Sivil toplum örgütleri ve düşünce kuruluşlarının desteğiyle kurulan kooperatiflerde sıklıkla yabancı fonlar kullanılıyor, gelen fonun önemli bir kısmı bu kuruluşlar için kullanılırken geri kalanı da kooperatif kurulumunda kullanılıyor. Ancak bazı durumlarda, kooperatifin kurulması amaç değil, yabancı fonlardan faydalanmak için araç oluyor. Bu nedenle birçok kooperatif de fon ve kurumsal destek tükendiğinde kendi başına ayakta kalacak kapasiteden yoksun kalıyor.
Kooperatifin dış paydaşlarla yapacakları iş birliklerinin evrensel kooperatifçilik anlayışıyla uyumlu olması bir zorunluluk, bu zorunluluk yasal düzenlemeyle garanti altına alınabilir. Kooperatifçiliğin ekonomik ve sosyal hedeflerini bu evrensel ilkelerden sapmadan ve başka aktörlerin aracı olmadan gerçekleştirmeleri yasal, kurumsal ve sosyal desteklerle sağlanabilir. Bu sayede kooperatifçilik ilkelerini hayata geçirememiş, ölü doğmuş yapılar yerine ortaklarına fayda sağlayan ve paydaşlarıyla dengeli ilişkiler yürüten uzun soluklu kooperatifler kurmak mümkün olabilir.

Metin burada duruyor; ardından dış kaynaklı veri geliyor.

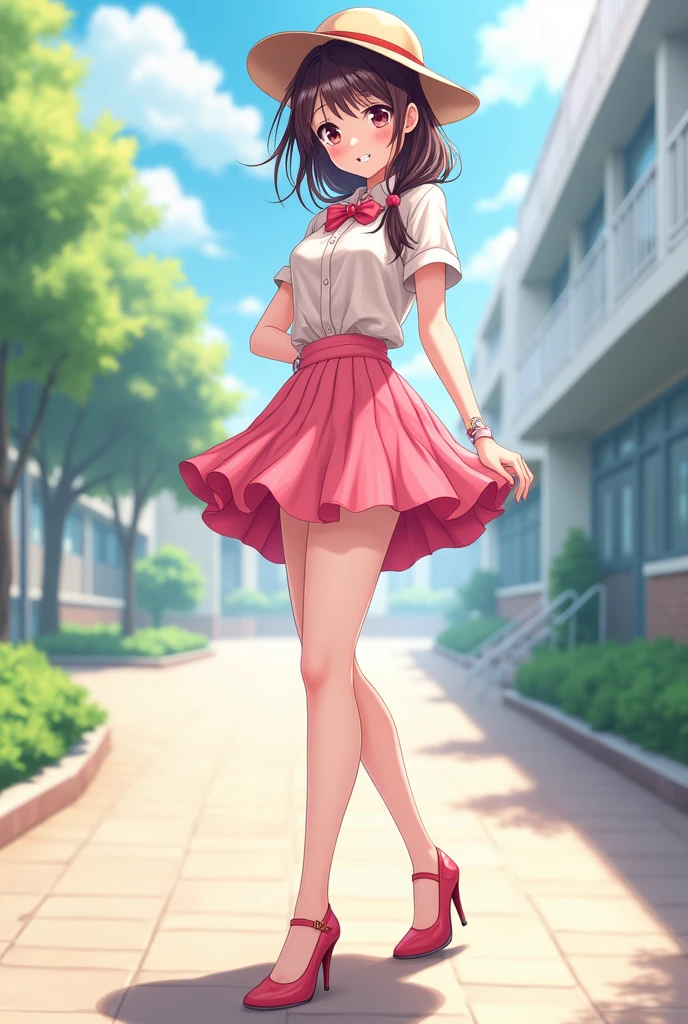 粉色Short skirt,School Belle,Short skirt,whole body,High heel,Smile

Bu hafta yapılan yasa değişikliğini olumlu bir adım olarak görmek mümkün. Fakat bu adımın gerçek anlamda bir dönüşüm yaratması ve kooperatiflerin sosyal ve ekonomik kalkınmaya katkısını en üst düzeye taşıyabilmesi için ek düzenlemeler kaçınılmaz. Bu düzenlemelerin ancak ve ancak kooperatiflerin ve ortaklarının, üst birliklerin, ilgili sivil toplum kuruluşlarının, bakanlık temsilcilerinin ve katkı sunacak tüm paydaşların katılımıyla yapılması gerektiği, kapsayıcı, demokratik ve şeffaf bir biçimde yürütülmesiyle gerçekleşeceği ise gözden kaçırılmamalıdır.